Lolium rigidum (annual ryegrass ' ARG) is a ubiquitous weed of southern Australia infesting the majority of winter crops. This paper considers the role of allelopathy in the interactions between ARG and the associated crop species to improve the understanding of why ARG is such a successful weed. Four crop species, i.e. lupin, barley, wheat and canola, were exposed to root exudates of ARG to determine the extent of variation in growth responses. At high ARG densities, root lengths of all crop species were significantly inhibited. Increasing the duration of ARG growth in the agar medium before introduction of the crop species further reduced crop growth.
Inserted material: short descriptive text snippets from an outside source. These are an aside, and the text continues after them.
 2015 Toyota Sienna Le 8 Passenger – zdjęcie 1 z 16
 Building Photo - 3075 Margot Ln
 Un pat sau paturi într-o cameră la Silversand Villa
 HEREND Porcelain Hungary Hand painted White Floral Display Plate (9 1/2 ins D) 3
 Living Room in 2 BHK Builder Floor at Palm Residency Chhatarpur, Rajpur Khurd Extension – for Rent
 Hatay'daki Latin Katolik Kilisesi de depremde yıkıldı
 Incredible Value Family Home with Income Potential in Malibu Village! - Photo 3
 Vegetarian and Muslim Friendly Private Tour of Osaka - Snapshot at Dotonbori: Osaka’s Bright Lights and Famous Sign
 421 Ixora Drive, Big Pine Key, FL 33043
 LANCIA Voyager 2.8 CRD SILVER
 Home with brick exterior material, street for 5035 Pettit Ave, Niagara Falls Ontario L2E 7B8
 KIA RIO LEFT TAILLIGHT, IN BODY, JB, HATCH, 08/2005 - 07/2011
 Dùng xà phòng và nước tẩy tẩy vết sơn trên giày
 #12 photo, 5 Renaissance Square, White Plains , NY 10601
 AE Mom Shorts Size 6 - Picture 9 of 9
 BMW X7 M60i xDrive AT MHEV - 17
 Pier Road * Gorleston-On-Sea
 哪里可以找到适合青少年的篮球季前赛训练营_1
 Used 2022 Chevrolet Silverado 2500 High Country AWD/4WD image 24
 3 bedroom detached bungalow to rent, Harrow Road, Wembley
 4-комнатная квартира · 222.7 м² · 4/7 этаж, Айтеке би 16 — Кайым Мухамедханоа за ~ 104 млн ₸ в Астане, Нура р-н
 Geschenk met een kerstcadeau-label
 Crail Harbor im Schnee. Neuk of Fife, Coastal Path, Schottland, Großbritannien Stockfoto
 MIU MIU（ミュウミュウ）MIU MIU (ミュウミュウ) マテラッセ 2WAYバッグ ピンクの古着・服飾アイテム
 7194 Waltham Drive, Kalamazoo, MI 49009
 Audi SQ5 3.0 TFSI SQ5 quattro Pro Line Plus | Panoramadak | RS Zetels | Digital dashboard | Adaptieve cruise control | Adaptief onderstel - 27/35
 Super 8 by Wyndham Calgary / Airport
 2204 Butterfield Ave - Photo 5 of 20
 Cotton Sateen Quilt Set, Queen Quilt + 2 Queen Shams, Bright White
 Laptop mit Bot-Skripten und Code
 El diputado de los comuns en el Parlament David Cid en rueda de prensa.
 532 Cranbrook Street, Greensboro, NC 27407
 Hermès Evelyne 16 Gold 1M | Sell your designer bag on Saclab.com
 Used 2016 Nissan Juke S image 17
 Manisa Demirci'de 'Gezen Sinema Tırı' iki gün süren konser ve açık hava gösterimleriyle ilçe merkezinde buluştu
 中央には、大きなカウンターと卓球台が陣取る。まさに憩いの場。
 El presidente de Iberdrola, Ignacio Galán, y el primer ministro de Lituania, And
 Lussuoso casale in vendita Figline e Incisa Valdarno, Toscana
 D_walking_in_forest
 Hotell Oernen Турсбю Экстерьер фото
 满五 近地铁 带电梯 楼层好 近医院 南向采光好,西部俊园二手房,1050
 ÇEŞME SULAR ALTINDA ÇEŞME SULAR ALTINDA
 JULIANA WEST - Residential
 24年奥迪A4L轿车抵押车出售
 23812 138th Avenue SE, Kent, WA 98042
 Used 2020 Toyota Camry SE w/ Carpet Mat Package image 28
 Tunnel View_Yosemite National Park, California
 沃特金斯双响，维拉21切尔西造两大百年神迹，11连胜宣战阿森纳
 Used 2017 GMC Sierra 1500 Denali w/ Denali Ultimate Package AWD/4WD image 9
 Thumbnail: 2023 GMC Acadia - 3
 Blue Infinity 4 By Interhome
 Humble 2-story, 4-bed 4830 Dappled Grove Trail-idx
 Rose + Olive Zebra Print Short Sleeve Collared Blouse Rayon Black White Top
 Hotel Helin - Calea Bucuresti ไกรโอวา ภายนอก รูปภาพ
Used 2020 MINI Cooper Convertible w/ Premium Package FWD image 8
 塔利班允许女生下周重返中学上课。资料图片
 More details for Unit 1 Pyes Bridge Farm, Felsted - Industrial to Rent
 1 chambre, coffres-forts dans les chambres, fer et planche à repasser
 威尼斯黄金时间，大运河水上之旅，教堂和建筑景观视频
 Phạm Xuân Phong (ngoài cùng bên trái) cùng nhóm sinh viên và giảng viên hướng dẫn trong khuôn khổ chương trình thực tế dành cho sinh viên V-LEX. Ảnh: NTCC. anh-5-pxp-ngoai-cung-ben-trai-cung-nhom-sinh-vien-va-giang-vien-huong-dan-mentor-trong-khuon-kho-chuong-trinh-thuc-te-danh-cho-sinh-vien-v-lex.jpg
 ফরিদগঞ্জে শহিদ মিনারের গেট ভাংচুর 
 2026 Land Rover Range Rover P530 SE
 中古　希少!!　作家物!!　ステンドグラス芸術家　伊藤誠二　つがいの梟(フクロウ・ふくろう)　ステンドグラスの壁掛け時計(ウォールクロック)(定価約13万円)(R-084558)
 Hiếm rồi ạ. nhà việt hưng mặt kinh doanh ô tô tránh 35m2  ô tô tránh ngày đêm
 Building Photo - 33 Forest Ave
However growth responses differed between crop species. Canola was the most affected by ARG interference (67.5% root inhibition) followed in declining order by wheat (56.6%), barley (37% ) and lupin (31.1% root inhibition,). Activated carbon and removal of ARG plants prior to crop sowing were used to verify the presence of putative inhibitory chemicals.
Original languageEnglish
Title of host publication17th conference proceedings
Subtitle of host publicationNew Frontiers in New Zealand: Together we can beat the weeds
EditorsSue M Zydenbos
Place of PublicationChristchurch, NZ
PublisherNZ Plant Protection Society
Number of pages4
ISBN (Electronic)9780864762399
Publication statusPublished - 2010
EventAustralasian Weeds Conference (AWC) - Christchurch, New Zealand, New Zealand
Duration: 26 Sep 201030 Sep 2010


ConferenceAustralasian Weeds Conference (AWC)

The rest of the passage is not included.